ADA – After an unexpected interruption by last year’s sudden Covid-19 outbreak, East Central University’s popular Scissortail Creative Writing Festival is making its full, triumphant return – virtually. The 16th annual Scissortail Creative Writing Festival takes place April 1-3, and the 2021 edition will take advantage of live-stream technology to connect authors with audiences.
Although a few authors sent work in last year, the ECU campus closed down just a couple of weeks before the festival was scheduled to begin. While a full, on-campus festival is being planned for 2022, festival founder and facilitator Dr. Ken Hada is excited about this year’s virtual format.

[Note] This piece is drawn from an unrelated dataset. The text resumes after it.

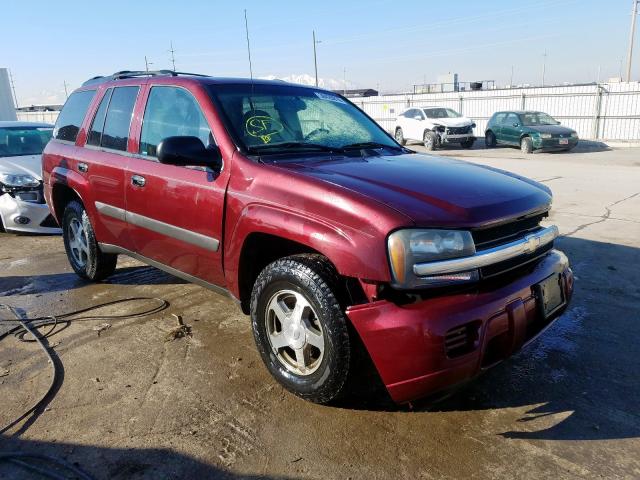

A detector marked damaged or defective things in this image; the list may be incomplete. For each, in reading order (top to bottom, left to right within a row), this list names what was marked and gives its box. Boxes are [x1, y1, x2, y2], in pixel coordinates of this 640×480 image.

damaged front bumper [0, 192, 60, 235]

“The Scissortail Festival is all about bringing people together,” Hada said. “The overarching concern is, of course, for the health of those involved. So, I encourage everyone to enthusiastically support the live streams of our six selected authors. Beyond their stellar abilities, we need to keep the first weekend of April at ECU alive with that Scissortail vibe.”
All authors will be live streaming presentations of their works during the first three days of April at www.youtube.com/tigermedia. Tiger Media is a student production group at ECU. Below are this year’s author profiles and presentation times (all times are Central Time Zone).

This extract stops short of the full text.